Following on from his holiday article telling us why Christmas games suck, contributor Timlah is back – and this time he’s digging into movies based on video games.



Tim, contributor

Contributor overview
Website: GeekOut South-West
Description: Some men just want to watch the world burn – but that quote certainly doesn’t fit the eccentric Timlah. Geek culture has completely consumed this chilled-out cosplaying conundrum. Regularly smiling and keeping it geeky, he’s hugely fond of indie games and alternative gaming systems.
Timlah says…

Have you ever taken the moment to sit back and watch a good flick? In the eyes of us gamers, we’re so used to being immersed in whatever world we’re in that we don’t really have the time for some movies. So what happens when a film comes out that’s about a world we’re already hugely fond of? I can only be talking about a video game movie – and let me tell you: they suck!

Let me cast your mind to a couple of films that are actually nicely adapted to being on the big screen. I’ve got two examples that are truly phenomenal, which also make video games look rather good. One is Wreck-It Ralph – a movie about video games as the entire world takes place inside of arcade machines – and the other is The King of Kong, a documentary looking at the competitive side of the high-score tables of the classic Donkey Kong.

But if you hadn’t noticed, there’s something a little… ‘amiss’ with these titles. They’re both phenomenally great to watch but at their core, they don’t seem to take an existing franchise and build upon it through stories. On the one hand, we have an animated title to entertain the masses by addressing another animated medium in our beloved video game scene; whereas on the other hand, we have a documentary about what made people so impassioned and so competitive for their favourite video games in the first place.
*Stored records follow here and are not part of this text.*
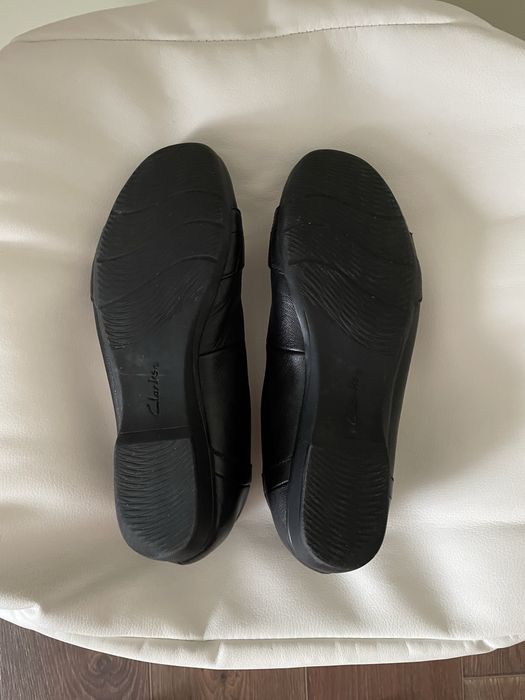 Чорні туфлі балетки шкіра Clarks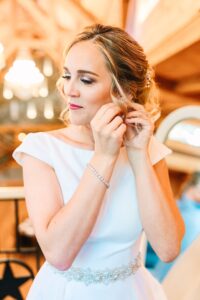 Colorful_Sunny_Fryeburg_Maine_New_England_Wedding_Photographer_Old_Saco_Inn_Summer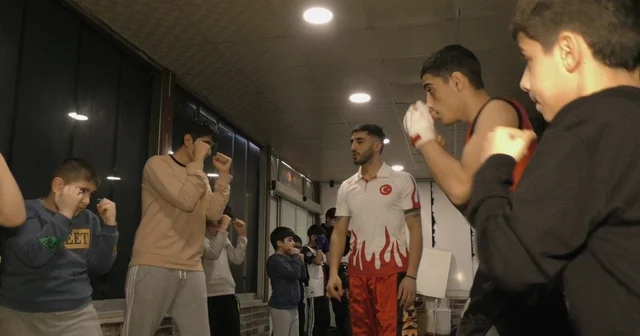 Gençleri kötü alışkanlıklardan uzak tutmak için açtığı salonda sporcu yetiştiriyor Bingöl Haberleri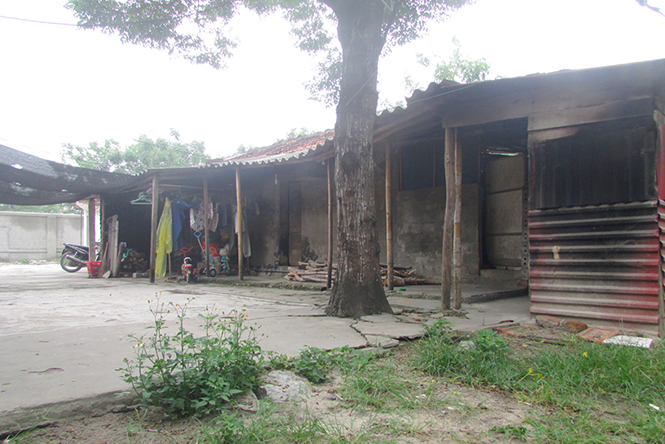  Một góc khu nhà công vụ giáo viên đã xuống cấp trầm trọng của Trường THPT Lương Thế Vinh (thị xã Ba Đồn).         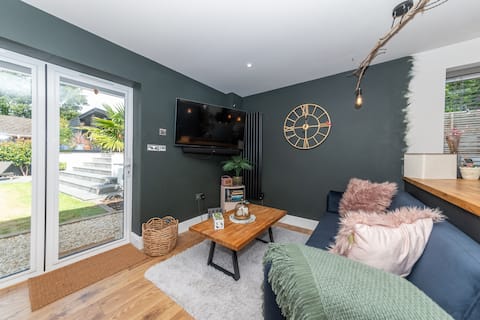 Successful Airbnb property: Luxury Caversham Lodge | Near Reading Station in Reading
So what gives? Why hasn’t Hollywood produced that video game movie yet? You know what I mean: the movie that makes us as gamers feel proud to have not only been there to have seen the film, but to celebrate our fandom in a pure expression. Has the media made us feel somewhat bad as gamers to even be called such or is there more afoot? I have a theory and a lot of it comes down to Hollywood adapting video games to fit their relatively ‘cookie-cutter’ mould.

As an example, I’m going to use the Doom movie which I actually look at with a slight fondness – even though it is pretty bad. I remember cringing throughout watching it. However, one thing it did rather well was the actual ‘in-game’ moment. It was stylish and very comparable to the games themselves, which made it incredibly interesting to watch; but the rest of the film was cringe-worthy.
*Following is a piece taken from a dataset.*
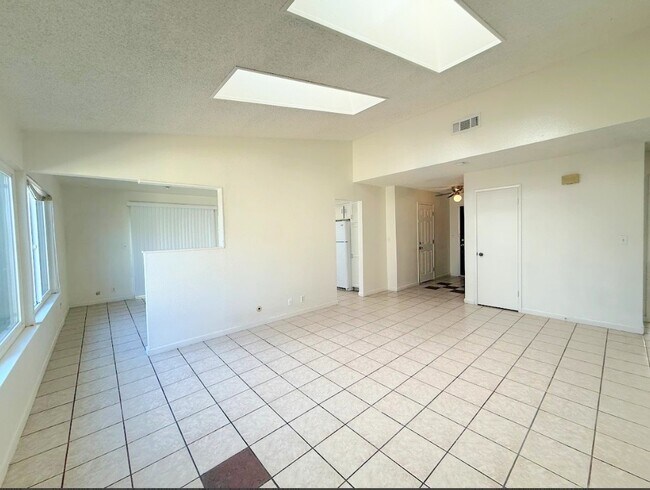 Foto del edificio - 455 Columbia Ave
This wasn’t the only film that was cringe-inducing – wow about some that Hitman: Agent 47 movie that came out only last year? It was pretty much panned by critics, as well as a lot of the audience who decided to give it the time of day too. It’s a shame as Agent 47 is a well-known and loved character in video games; so why is it that even when Hollywood is given such a known and story-rich character, they can’t do anything of value with the product? It’s all written for them already, right?

Why aren’t our beloved game developers an integral part of developing stories for video game movies?

Notice then that the issue is less with video games being a feature or even the centre of a film, so long as they are allowed to be that. Don’t build a brand new story around the franchise; embrace the stories that already exist. Intriguingly, I was reading around and a lot of people who are in-the-know seem to suggest the same things, along with the most important question: why aren’t our beloved game developers an integral part of developing stories for video game movies?

As we look to the future, we have a few key video game films coming up. First and foremost, I’d like to point you to the Warcraft movie coming up. If Blizzard are heavily involved in the development of this movie, you can safely guarantee that this will be a brilliant production with meticulous attention to detail. The trailer seems to suggest we’ll be able to expect something of rich quality and it makes me truly excited to see, as I’m a fan of Warcraft lore.

Say what you will of video game movies but I know that, especially up until this point, they have been crap. There have been just a few exceptions and in those cases, it’s where the games are the focus. Draw upon what already exists within them; don’t make your own stories around existing video games. Wreck-It Ralph may have been a surprise hit in that respect but trust me: for title like this there’s a hundred Pixels.

Do you agree with me on this or do you think I’m missing some key, brilliant video game movies? Have I reminded you of some truly terrible films, or do you think that video games have their own special place in cinematography? Let us know in the comments below!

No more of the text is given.